## WORK ORDER
Your copy of the listing should match it exactly, only without pictures.

## AVAILABLE DATA
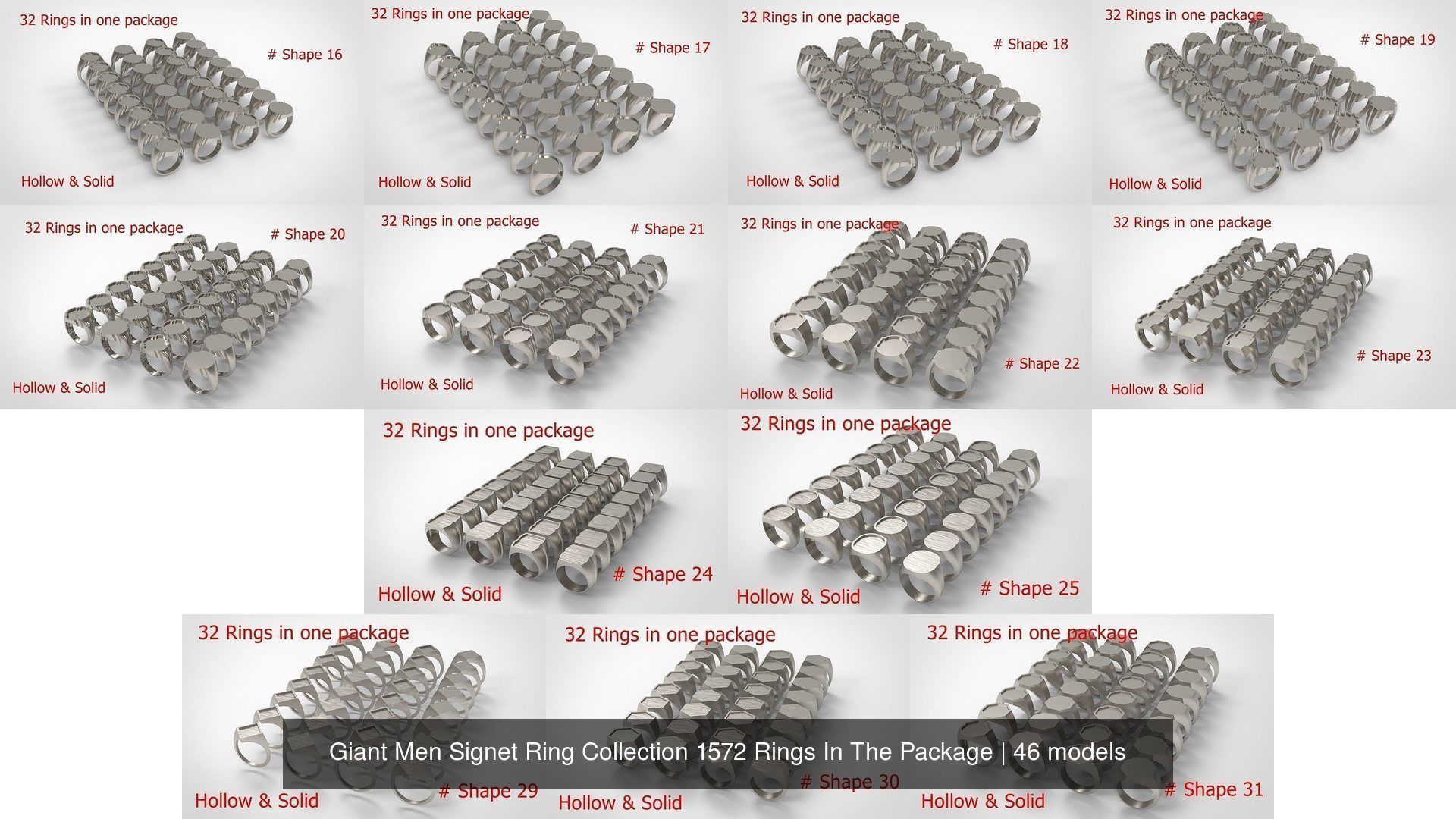 Giant Men Signet Ring Collection 1572 Rings In The Package _3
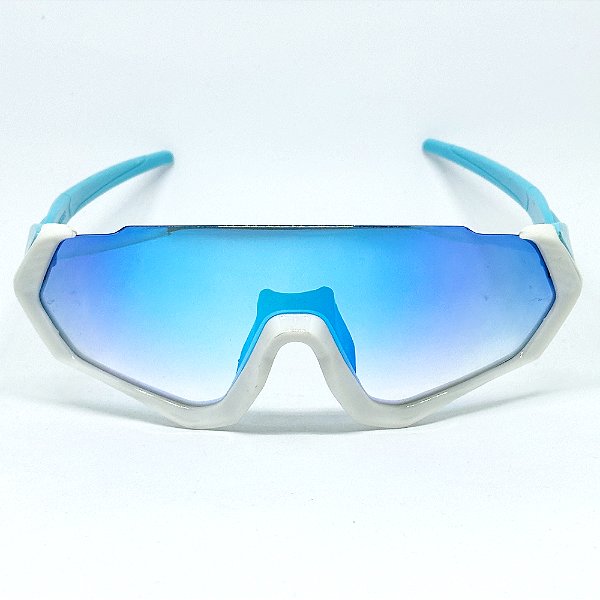 ÓCULOS DE SOL ESPORTIVO SPACE - BRANCO COM HASTE AZUL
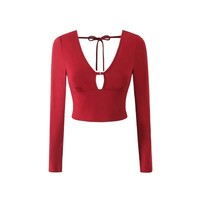 V-neck metal button high waist cropped navel-baring T-shirt top - Thumbnail 2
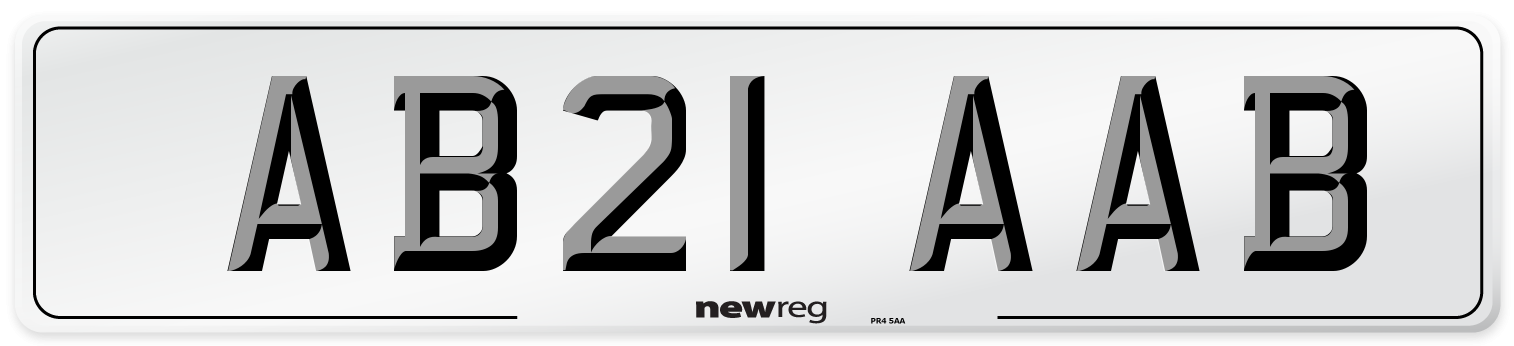 AB21 AAB Front Number Plate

## TASK SOLUTION
 Giant Men Signet Ring Collection 1572 Rings In The Package _3
 ÓCULOS DE SOL ESPORTIVO SPACE - BRANCO COM HASTE AZUL
 V-neck metal button high waist cropped navel-baring T-shirt top - Thumbnail 2
 AB21 AAB Front Number Plate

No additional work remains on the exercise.